The scale of the Zócalo in Mexico City, is one of the world's largest public squares, is should engulf you in its vastness.  Its buildings are like Mexico's greeting committee, mammoth in their proportions.  But step inside and the spaces cloak you in time, granting a personal vantage on centuries of civilizations.

One side of the square is filled with the Palacio National, holding the site where Moctezuma II wielded power and the current Mexican president still does.  Hernán Cortés and the Viceroys set the palatial style, with courtyards and arches, in the 1500s; Diego Rivera colored it in during the 1930s with human passions of the Aztecs, conquerors, and revolutionaries depicted in his murals.

On another side of the Zócalo stands the Cathedral Meropolitana, consecrated in 1532 as the beacon of New Spain in North America.  The structure dates back to 1573 and was completed with Manuel Tolsa's cupola, clock, and upper-façade sculpture in 1813.  So graceful is the columned luxury of its interior, so beautiful its Alter de los Reyes, that it whispers of continuous worship.  The mood accords with it lineage, since it was built on the ruins of an Aztec religious site that resurfaced in 1978 when a utility worker digging beside the Cathedral struck the pyramid of the Templo Mayor.

Today you can visit  and walk between altars to the gods of war and rain at the excavation of Templo Mayor and be reminded that when Cortés arrived here in 1521 he found an affluent metropolis, Tenochtitlán, with some 20,000 buildings, 78 of them standing on the present Zócalo, and a population larger than any European city's at the time.  What endures is the beauty of a carving found in the ruins of the moon goddess Coyolxauhqui and the legend of how she was vanquished; it covers an eight-ton monolith, suiting the scale of the Zócalo.

The Aztecs themselves "repurposed" structures, including the pyramid that held Templo Mayor, which had six predecessors on the same platform, dating to the founding of Tenochtitlán in 1325.  Around that same year the Aztecs also moved into Teotihuacán, 30 miles north of Tenochtitlán, and turned what had been the most important city in Mesoamerica between 300 and 600 A.D. into their own ceremonial center. By then Teotihuacán, which once housed some 200,000 people in diverse neighbourhoods, was long past its prime.  Yet enough remains even now to impress on visitors to this World Heritage Site (named in 1987, as was the Historic Center of Mexico City) the great achievements in science, arts, and architecture of 1500 years ago.  Here you will find pyramids dedicated to the sun and the moon, and when you climb them you overlook what once must have been a vast, bustling Zócalo.

The major monument of teotihuacán were oriented to be movement of light, and so was the simple house builtt by Luis Barragán in 1947 in the Tacubaya neighbourhood of Mexico City.  The architect was known for his spiritual devotion; his Tlalphan Chapel in Mexico City overwhelms with its emotional power.

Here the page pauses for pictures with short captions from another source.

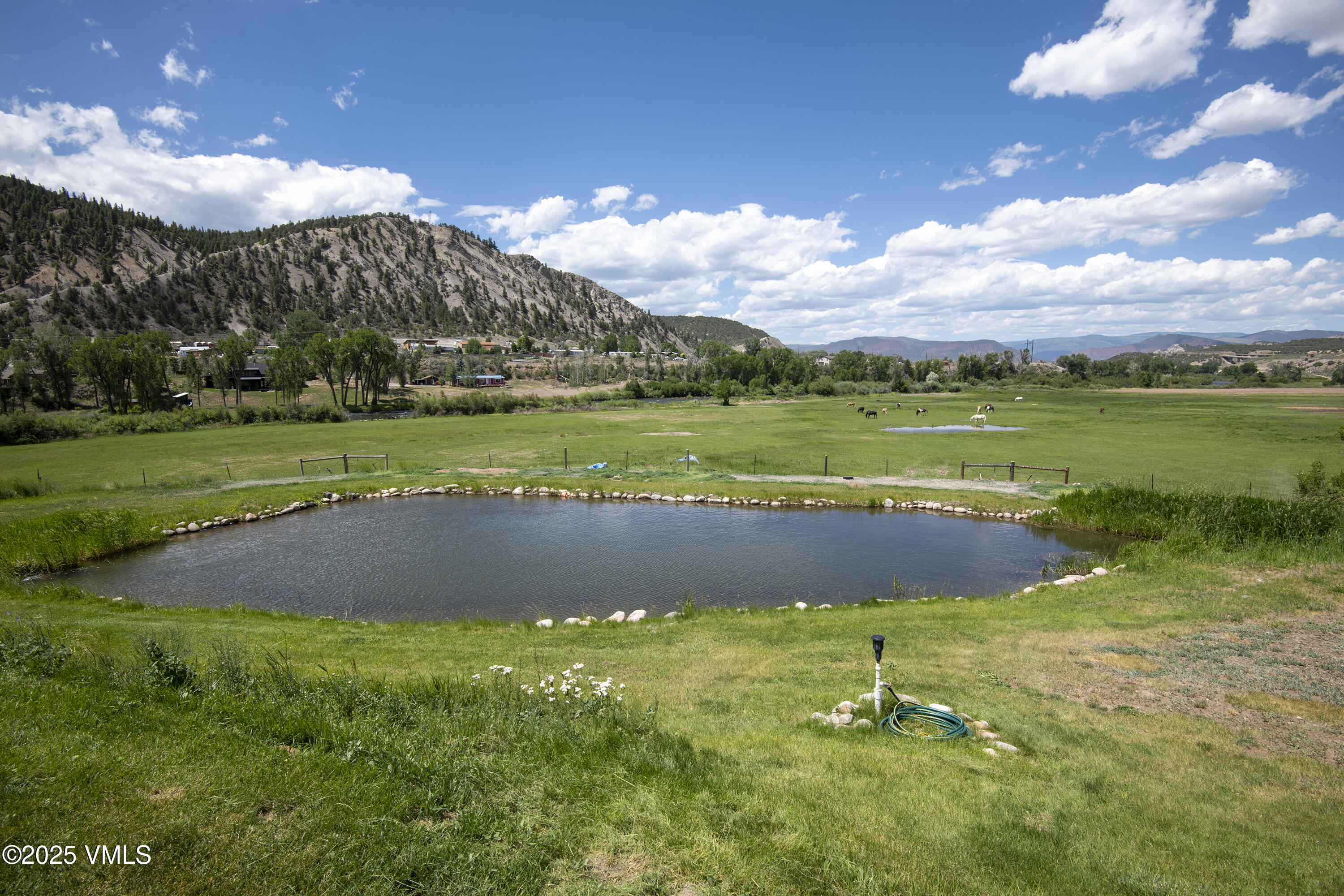 14555 Highway 6 Eagle, CO 81631 - Photo 45 of 61 a view of a lake in front of house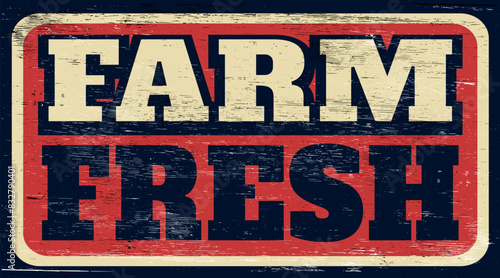 Aged and worn farm fresh sign on wood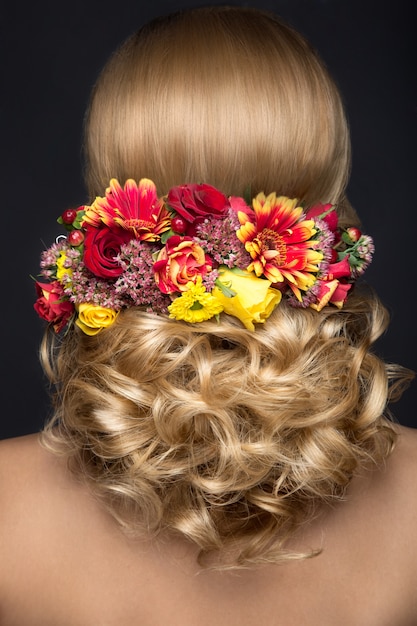Foto hermosa mujer rubia en imagen de la novia con flores. cara de belleza y vista posterior del peinado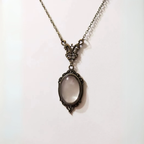 Bronze Magnifying Glass Pendant Necklace by The Bullish Store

In the Tlacubaya space, where he lived and worked until his death in 1988, you can see how he distilled all of the Mexican landscape, from pyramids to murals, into modernist intersections of planes, colors subdued and flamboyant, the reach of garden greenery, and the sun-play of the day.  Barragán was awarded the Pritzker Prize in 1980, his house and studio, open to tours, was named a World Heritage Site in 2004.  Here you pause in the stillness of the architect's reflection.

Viewed from a tower of its Cathedral, the tallest in Mexico, Puebla is a panorama of splendour: tiled and gilded church domes, facades and balconies eloquent with Renaissance imagination, and , as their backdrop, the snow-capped, volcanic Popocatépetl.  The site was hollow chosen by Spain in 1531 as a way-station between Mexico City and the port in Veracuz, its sumptuouness funded by shipments of Mexican silver and gold.


Details of the Cathedral (built 1574-1648) anticipate the craftsmanship of Puebla's historic center, which was named a World Heritage Site in 1987.  The roof is covered with glazed majolica tiles, the Talavera ceramic world that recalls the Moorish decorative legacy in Spain and that is still the pride of Puebla.  The alter is carved marble and onyx, its chapels and sacristy a museum of 17th-century Spanish painting.   You can examine more tilework, marquetry, and carving in the Museo Bello y González and the Museo de Arte Popular Poblamo, which preserves the convent kitchen where more poblano is said to have been created. Visit also the Capilla del Rosario, a jewel of Baroque art, and the Biblioteca Palafoxiana, the oldest library in the Americas.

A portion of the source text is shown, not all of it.